Nico Kreiling
Nico is a Data Scientist at scieneers, co-organizer of PyData cologne meetup and host of the Techtiefen podcast. His passions are quick and simple solutions and the constant expansion of his and the communities' knowledge base.
@NicoKreiling
Github – LinkedIn –Sessions
Pandas is the de-facto standard for data manipulation in python, which I personally love for its flexible syntax and interoperability. But Pandas has well-known drawbacks such as memory in-efficiency, inconsistent missing data handling and lacking multicore-support. Multiple open-source projects aim to solve those issues, the most interesting is Polars.
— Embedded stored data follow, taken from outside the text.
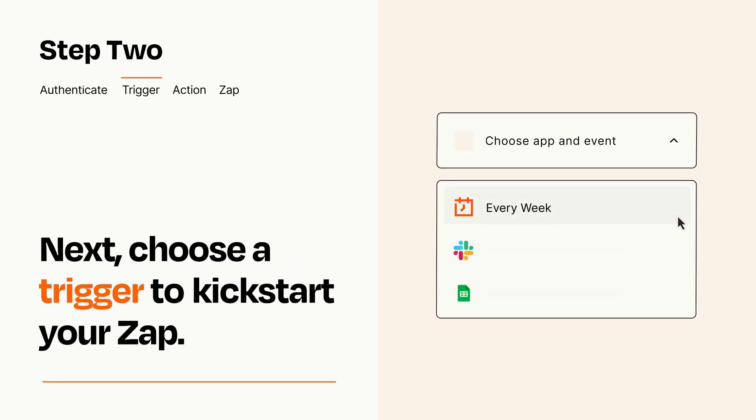Now let's set up your trigger, which is the event that starts your Zap. Pick the trigger event that you want from the list.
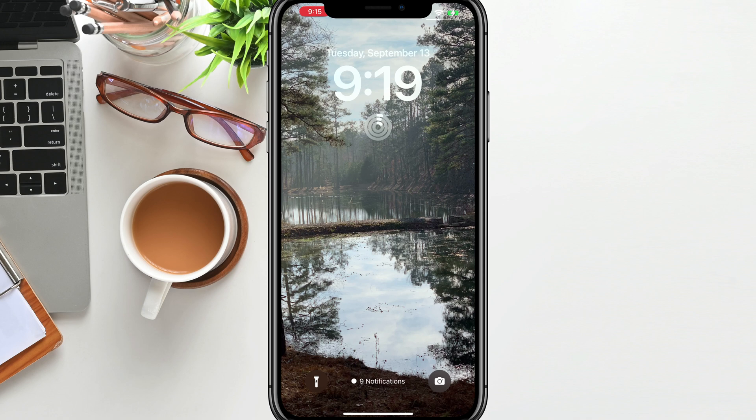So that is how you customize your lock screen on your iPhone. If you have any questions, please put those in the comment section down below, and I will see you guys in the next video.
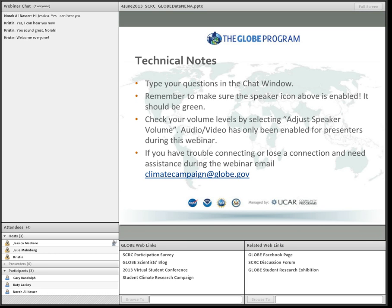Just a couple of things before we get started. Make sure that you type your questions in the chat window as audio is not enabled for participants, only presenters and hosts. If you can't hear us, make sure you check your volume level by selecting speaker volume up at the top. If you have any trouble connecting or lose a connection, just email us at climatecampaign@globe.gov.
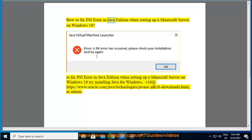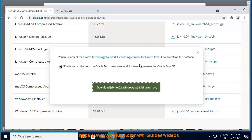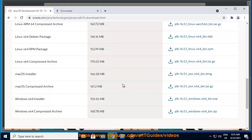How to fix JNI error in Java Edition when setting up a Minecraft server on Windows 10. To fix JNI error in Java Edition when setting up a Minecraft server on Windows 10, try installing Java for Windows v16 at https://www.oracle.com/java/technologies/javase-jdk16-downloads.html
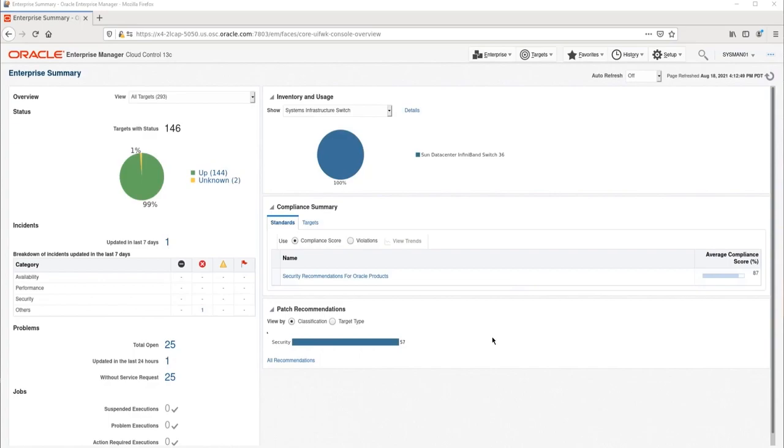We are starting on the Enterprise Summary page in Enterprise Manager. This demo environment already has the ZDLRA plug-in installed, and both the ZDLRA and protected databases discovered.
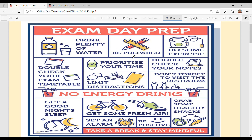Poster di heading ki hai — Exam Day Prep. Prep means preparation, theek hai. Exam days di tiyaari ki karni hai, odhe upar hai poster. First hai: drink plenty of water.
Polars uses Rust and Apache Arrow to win in all kinds of performance-benchmarks and evolves fast. But is it already stable enough to migrate an existing Pandas' codebase? And does it meet the high-expectations on query language flexibility of long-time Pandas-lovers?
In this talk, I will explain, how Polars can be that fast, and present my insights on where Polars shines and in which scenarios I stay with pandas (at least for now!)
Innovations such as sentence-transformers, neural search and vector databases fueled a very fast development of question-answering systems recently. At scieneers, we wanted to test those components to satisfy our own information needs using a slack-bot that will answer our questions by reading through our internal documents and slack-conversations. We therefore leveraged the HayStack QA-Framework in combination with a Weaviate vector database and many fine-tuned NLP-models.
This talk will give you insights in both, the technical challenges we faced and the organizational learnings we took.